Il martèle cette idée à longueur de conférence : la transition énergétique permettra de renouer avec la croissance. Réconcilier économie et écologie n’est donc plus une utopie pour Bertrand Piccard, mais plutôt la clé pour convaincre ceux qui gouvernent. De cette conviction est née l’Alliance mondiale pour les solutions efficientes : « Ces solutions propres sont rentables car elles créent des emplois, de la croissance et permettent de faire gagner de l’argent à ceux qui les produisent, précise l’initiateur et président de la Fondation Solar Impulse. Pourquoi ? Parce que le remplacement des vieux systèmes démodés et polluants par de nouvelles technologies efficientes et propres représente un gigantesque marché industriel. » Et d’ajouter : « Il faut favoriser l’efficience énergétique autant que les énergies renouvelables : motricité électrique, isolation des bâtiments, remplacement des ampoules par des modèles LED et les chauffages anciens par des pompes à chaleur, mettre en place des processus industriels modernes et généraliser les smart grids (réseaux de distribution d’électricité). Imaginez tout ce que cela représente comme économies d’énergie, mais aussi comme réduction de pollution et donc de facture pour la santé publique ! »
Évaluation indépendante
Pour parvenir à faire évoluer les mentalités, Bertrand Piccard prône notamment l’élaboration d’un cadre légal. En d’autres termes, il faut contraindre les entreprises et les acteurs publics à opérer cette transition majeure en instaurant, par exemple, des mesures semblables à la taxe carbone. Tout en montrant de manière très concrète ce qui peut déjà être réalisé, c’est la mission de cette Alliance mondiale réunissant des start-up, des entreprises, des particuliers et des institutions, capables de fournir 1000 solutions pour protéger l’environnement de façon rentable. Lors du lancement officiel en novembre dernier, on dénombrait déjà plus de 470 membres et 500 solutions potentielles. Ces dernières vont des usines de désalinisation solaires aux conteneurs dédiés à la transformation des déchets organiques en énergie, en passant par les filtres à air qui captent les émissions de CO2 pour les transformer en carburant renouvelable. Sans oublier des dispositifs à hydrogène permettant d’augmenter l’efficience énergétique des voitures électriques. D’ici à décembre 2018, lors de la présentation à la COP24 dans la ville polonaise de Katowice, toutes les solutions seront évaluées par des experts scientifiques et financiers indépendants selon une méthodologie destinée à estimer leur déployabilité, leur durabilité et leur viabilité.

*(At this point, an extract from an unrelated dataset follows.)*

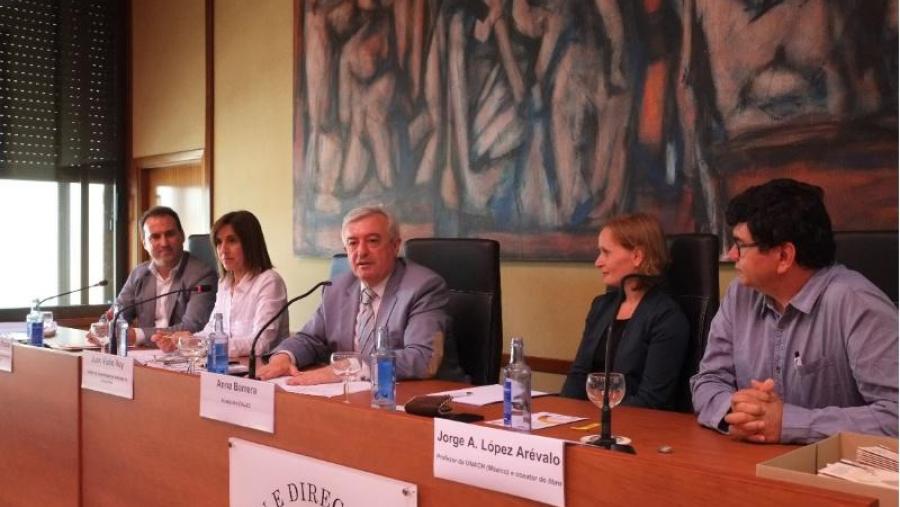De esquerda a dereita, Óscar Rodil, Emilia Vázquez, Juan Viaño, Anna Barrera e Jorge López (Foto: SERVIMAV-USC) De esquerda a dereita, Óscar Rodil, Emilia Vázquez, Juan Viaño, Anna Barrera e Jorge López (Foto: SERVIMAV-USC)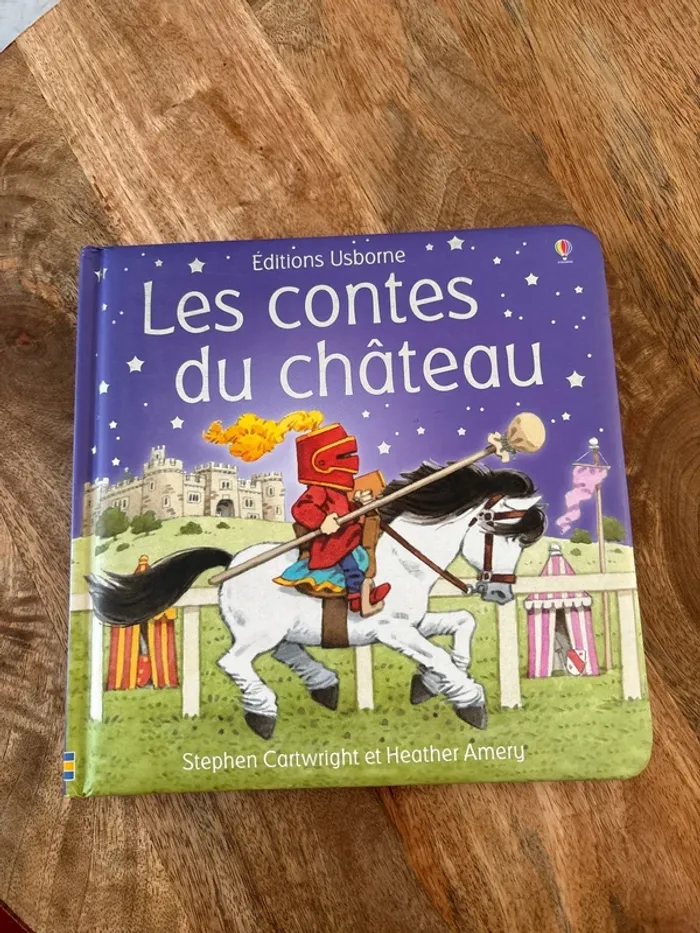 Livre les contes du Château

Les énergies fossiles ont des coûts cachés, alors que les énergies propres ont des gains cachés.
Soutien planétaire
Du côté des institutionnels ayant rejoint cette nouvelle aventure planétaire, on citera la Ville de Paris, l’Union pour la Méditerranée, la Commission européenne et le Groupe ministériel sur l’énergie propre. Quant au financement, il est assuré par des partenaires privés (Nestlé, Engie, Air Liquide et BNP Paribas Suisse, notamment). Conscient de l’engouement suscité par son désir de rapprocher économie et écologie, Bertrand Piccard n’en reste pas moins conscient du chemin à parcourir. D’autant que dans son propre pays, la Suisse, il constate que l’on n’en fait pas assez en matière de développement durable : « On confond trop souvent la protection du paysage, en faisant des recours contre de nouvelles télécabines dans les stations de ski, avec la lutte contre les changements climatiques qui représentent un problème encore plus préoccupant que ce que l’on croit. Par ailleurs, il reste encore beaucoup trop de résistances de la part des milieux économiques qui n’ont pas compris que les technologies propres sont aujourd’hui rentables. Les énergies fossiles ont des coûts cachés, alors que les énergies propres ont des gains cachés. C’est pour cela que des solutions existent. » Le principal défi pour l’aéronaute suisse sera de parvenir à convaincre les gouvernements d’appliquer ces solutions dans les plus brefs délais. Avec comme finalité avouée de ne pas rester au stade des bonnes intentions afin d’intervenir de manière concertée et donc mondiale en faveur du climat. Car la majorité des scientifiques est catégorique : il est devenu urgent de changer de cap. Agir plus tard, c’est agir trop tard. Et ce sont tous les citoyens qui sont appelés au chevet de la planète.